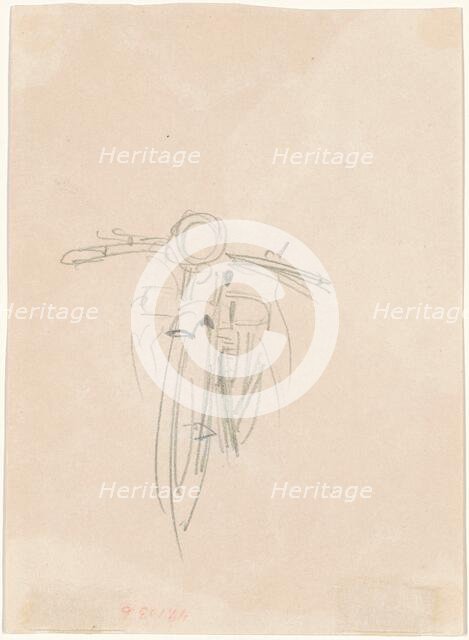 Motorcycle [verso], 1918. Creator: John Singer Sargent.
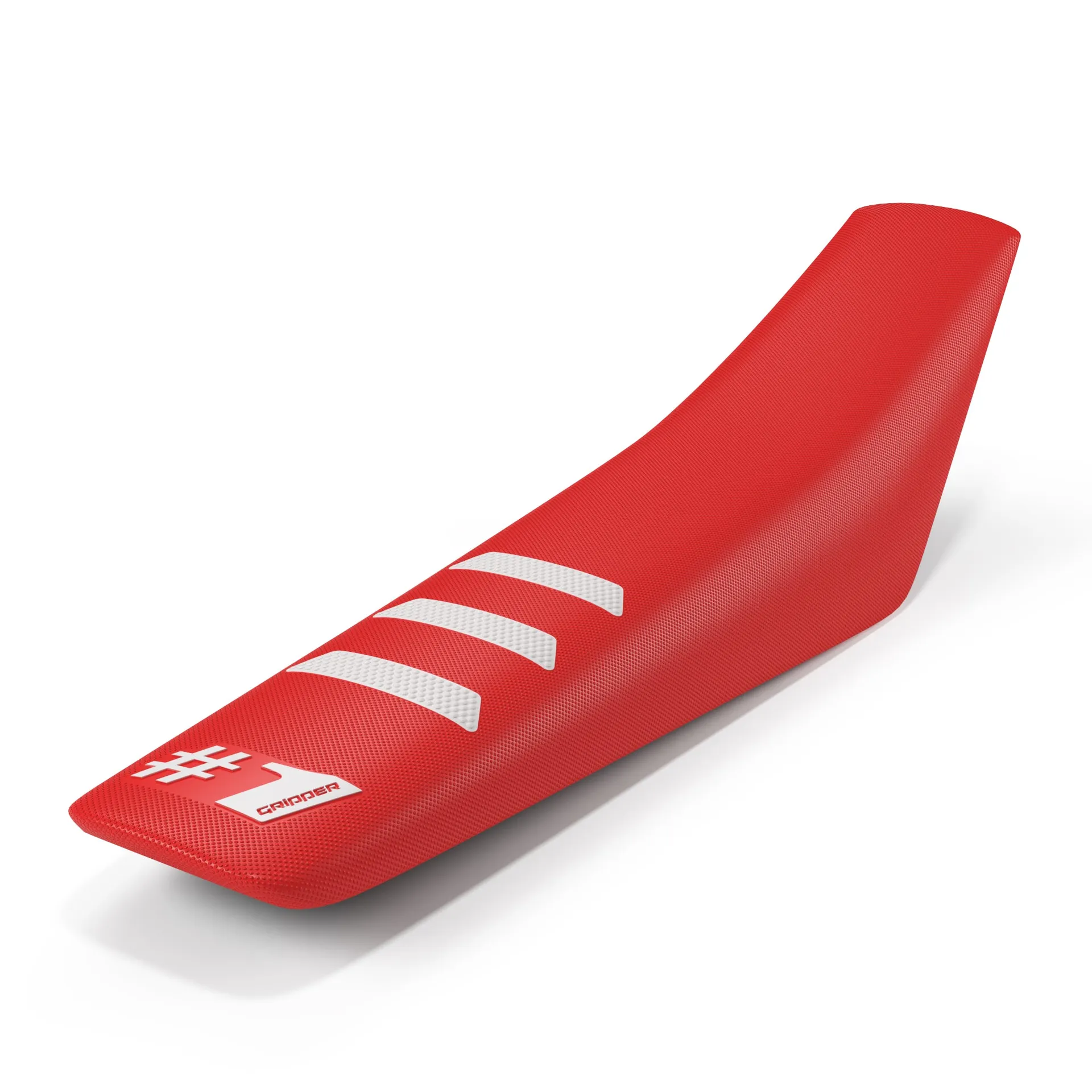 Onegripper LIGHT RIB-sædebetræk – rød/hvid - Onegripper - Motocross Parts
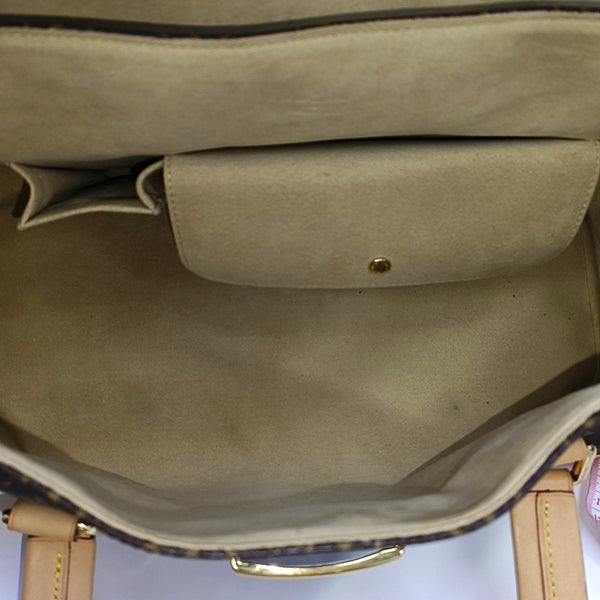 BEVERLY Monogram Coated Canvas Brown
..........
**PROBLEM DETAILS:** All of the data must be repeated exactly, except for the pictures.

**ANSWER TO THIS EXERCISE:**
 Motorcycle [verso], 1918. Creator: John Singer Sargent.
 Onegripper LIGHT RIB-sædebetræk – rød/hvid - Onegripper - Motocross Parts
 BEVERLY Monogram Coated Canvas Brown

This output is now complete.